Records provided Block Start
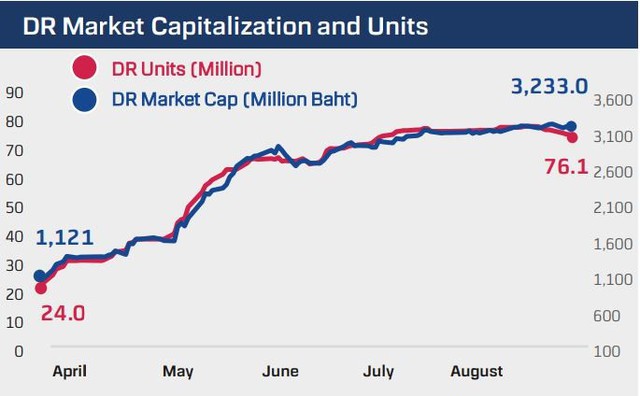 Nhà đầu tư Thái Lan bất ngờ rút vốn khỏi Diamond ETF sau nhiều tháng “bơm ròng” liên tiếp - Ảnh 1.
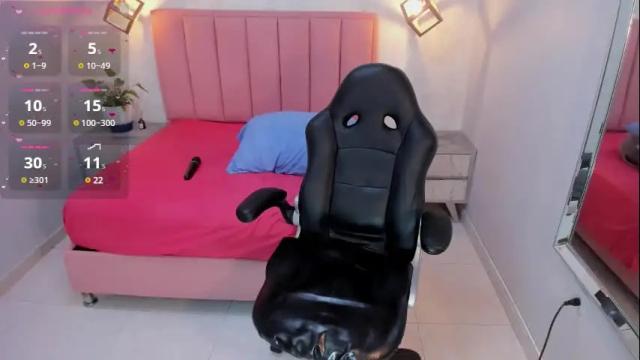 Thumbnail 3, chelsyquinn's Stream at Chaturbate, 2 months ago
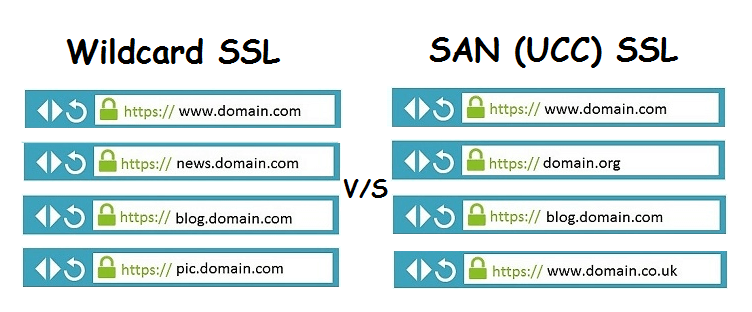 multi-subdomain SSL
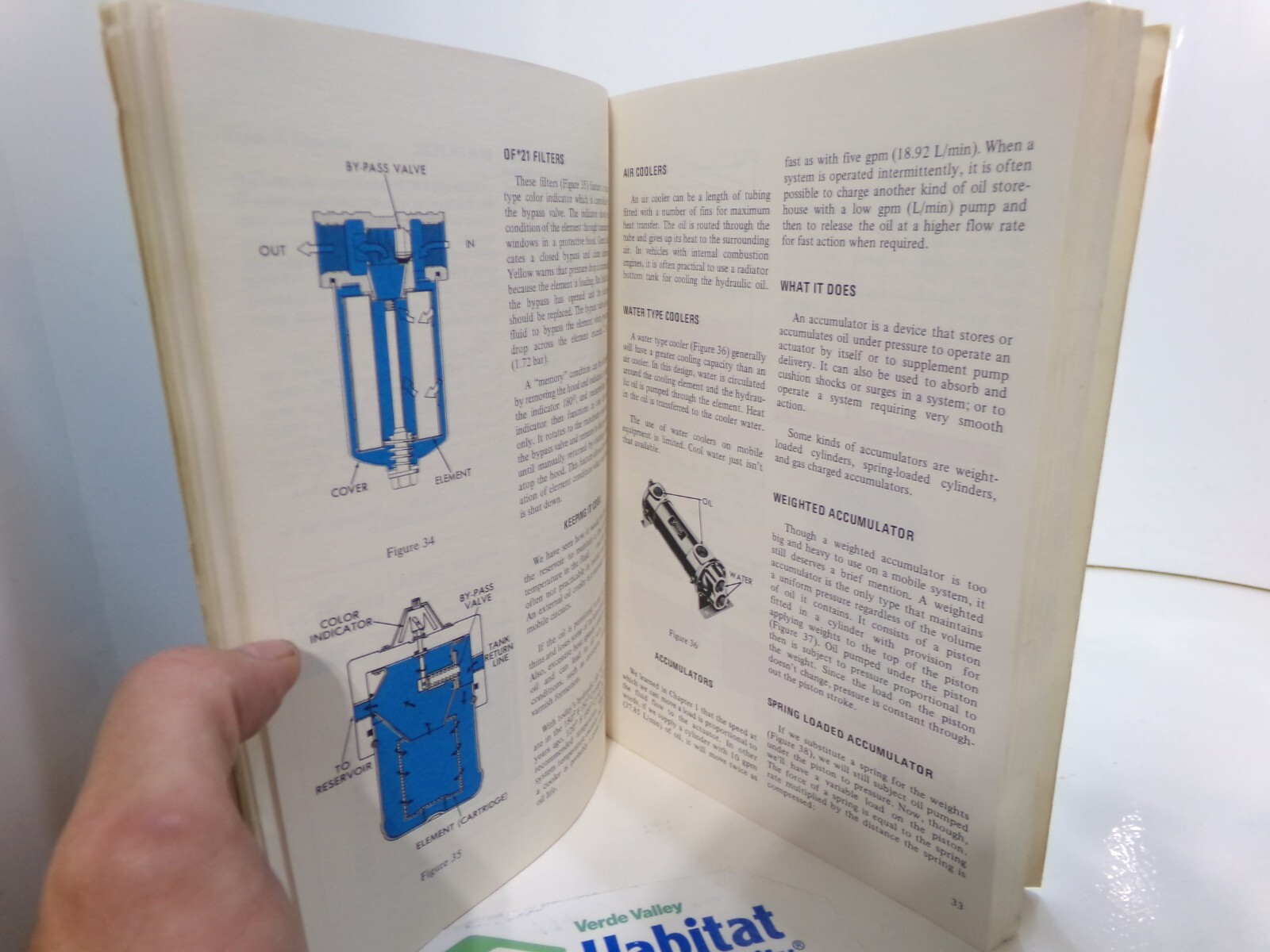 Mobile Hydraulics Manual M-2990-A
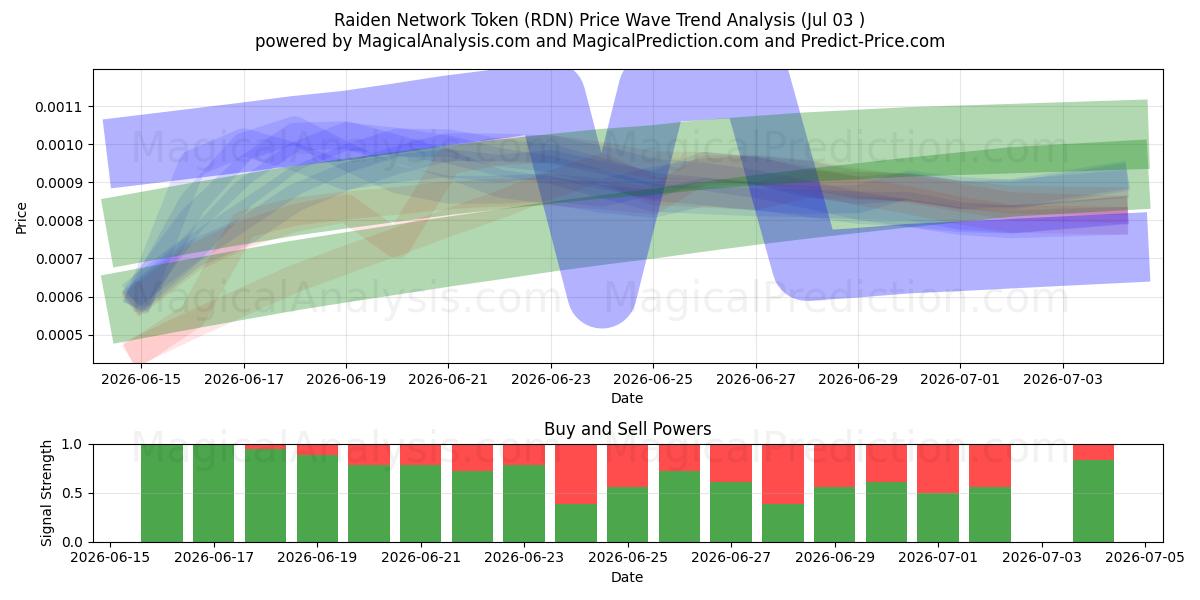  雷電ネットワークトークン (RDN) Support and Resistance area (02 Jul) 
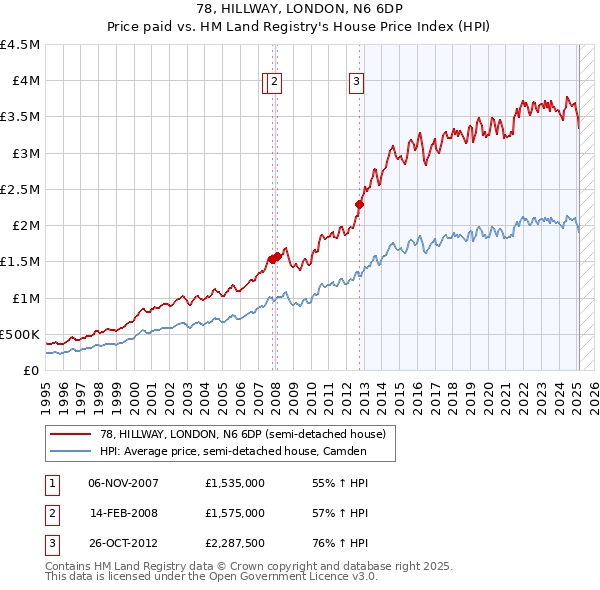 78, HILLWAY, LONDON, N6 6DP: Price paid vs HM Land Registry's House Price Index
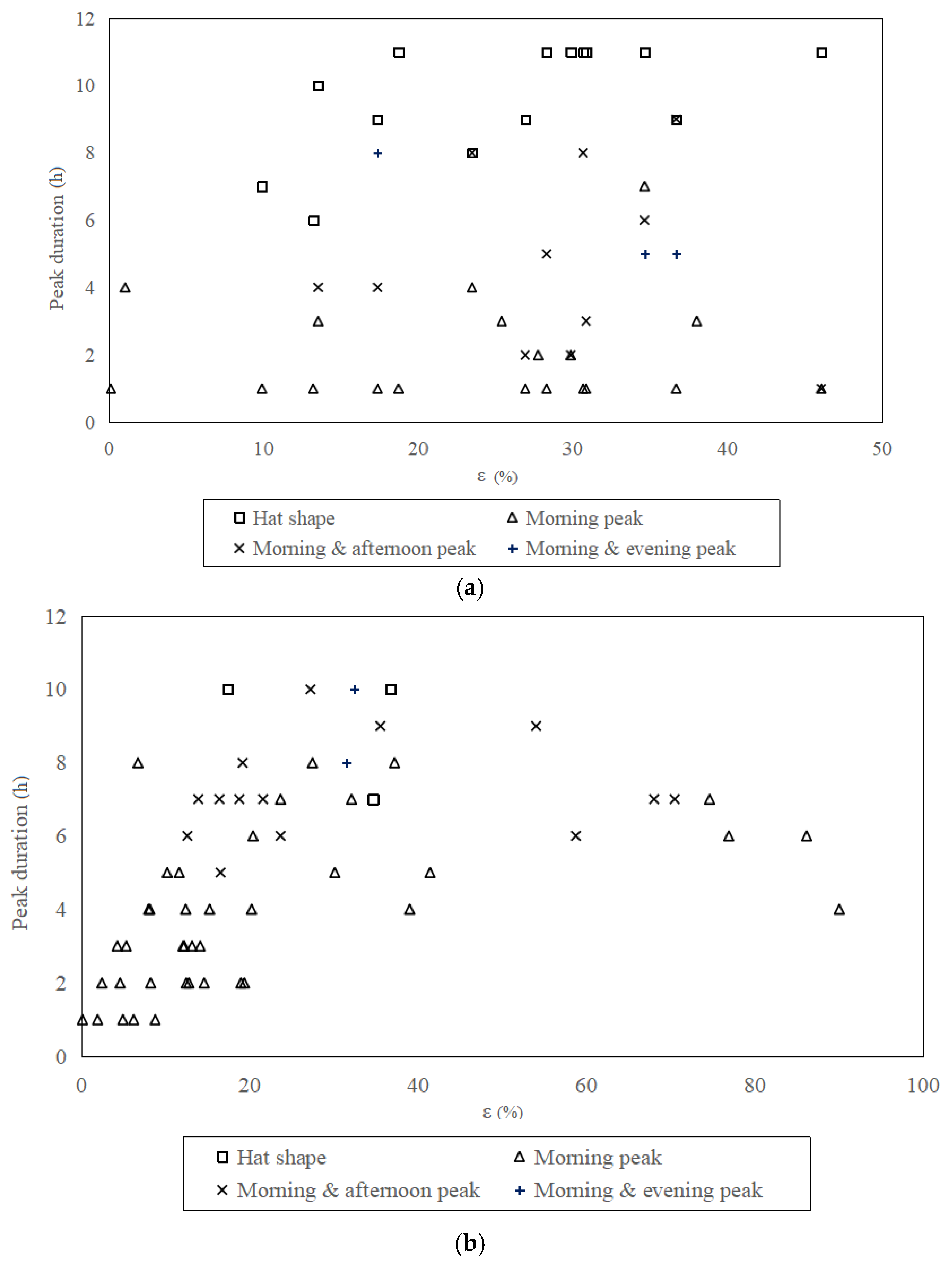 Energies 13 04343 g011 Energies 13 04343 g011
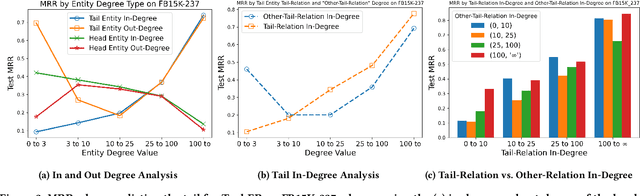 Figure 3 for Toward Degree Bias in Embedding-Based Knowledge Graph Completion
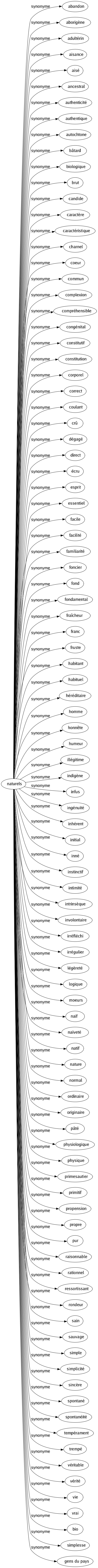 Synonyme de Naturels : Abandon Aborigène Adultérin Aisance Aisé Ancestral Authenticité Authentique Autochtone Bâtard Biologique Brut Candide Caractère Caractéristique Charnel Coeur Commun Complexion Compréhensible Congénital Constitutif Constitution Corporel Correct Coulant Crû Dégagé Direct Écru Esprit Essentiel Facile Facilité Familiarité Foncier Fond Fondamental Fraîcheur Franc Fruste Habitant Habituel Héréditaire Homme Honnête Humeur Illégitime Indigène Infus Ingénuité Inhérent Initial Inné Instinctif Intimité Intrinsèque Involontaire Irréfléchi Irrégulier Légèreté Logique Moeurs Naïf Naïveté Natif Nature Normal Ordinaire Originaire Pâté Physiologique Physique Primesautier Primitif Propension Propre Pur Raisonnable Rationnel Ressortissant Rondeur Sain Sauvage Simple Simplicité Sincère Spontané Spontanéité Tempérament Trempé Véritable Vérité Vie Vrai Bio Simplesse Gens du pays 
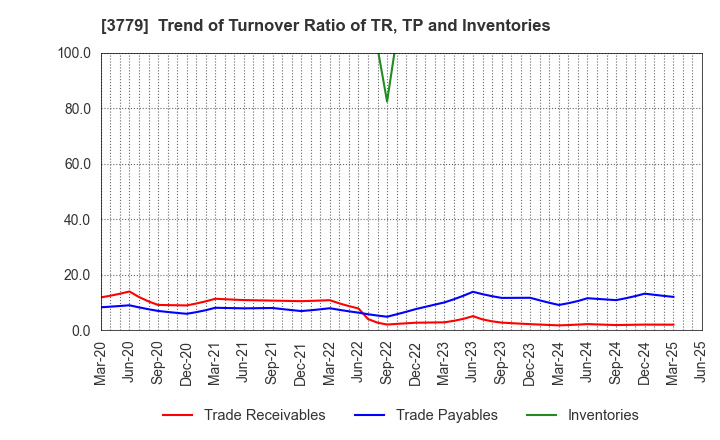 3779 J ESCOM HOLDINGS,INC.: Trend of Turnover Ratio of TR, TP and Inventories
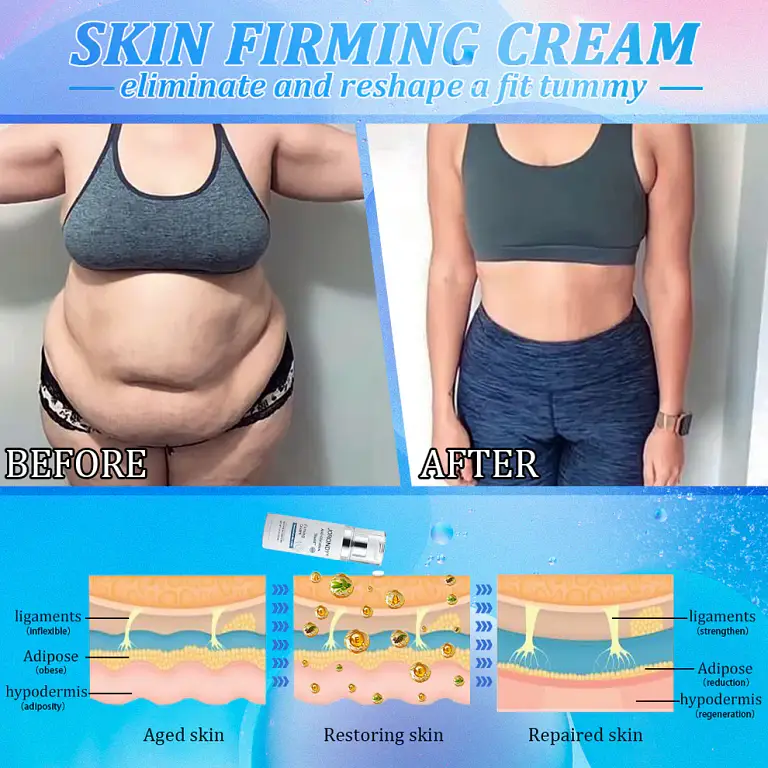 Jorondy® Anti-Glycation Firming Cream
Records provided Block End
• [Task directions] Pictures aside, reproduce every record exactly as it stands.

• [Solution for this task]
 Nhà đầu tư Thái Lan bất ngờ rút vốn khỏi Diamond ETF sau nhiều tháng “bơm ròng” liên tiếp - Ảnh 1.
 Thumbnail 3, chelsyquinn's Stream at Chaturbate, 2 months ago
 multi-subdomain SSL
 Mobile Hydraulics Manual M-2990-A
  雷電ネットワークトークン (RDN) Support and Resistance area (02 Jul) 
 78, HILLWAY, LONDON, N6 6DP: Price paid vs HM Land Registry's House Price Index
 Energies 13 04343 g011 Energies 13 04343 g011
 Figure 3 for Toward Degree Bias in Embedding-Based Knowledge Graph Completion
 Synonyme de Naturels : Abandon Aborigène Adultérin Aisance Aisé Ancestral Authenticité Authentique Autochtone Bâtard Biologique Brut Candide Caractère Caractéristique Charnel Coeur Commun Complexion Compréhensible Congénital Constitutif Constitution Corporel Correct Coulant Crû Dégagé Direct Écru Esprit Essentiel Facile Facilité Familiarité Foncier Fond Fondamental Fraîcheur Franc Fruste Habitant Habituel Héréditaire Homme Honnête Humeur Illégitime Indigène Infus Ingénuité Inhérent Initial Inné Instinctif Intimité Intrinsèque Involontaire Irréfléchi Irrégulier Légèreté Logique Moeurs Naïf Naïveté Natif Nature Normal Ordinaire Originaire Pâté Physiologique Physique Primesautier Primitif Propension Propre Pur Raisonnable Rationnel Ressortissant Rondeur Sain Sauvage Simple Simplicité Sincère Spontané Spontanéité Tempérament Trempé Véritable Vérité Vie Vrai Bio Simplesse Gens du pays 
 3779 J ESCOM HOLDINGS,INC.: Trend of Turnover Ratio of TR, TP and Inventories
 Jorondy® Anti-Glycation Firming Cream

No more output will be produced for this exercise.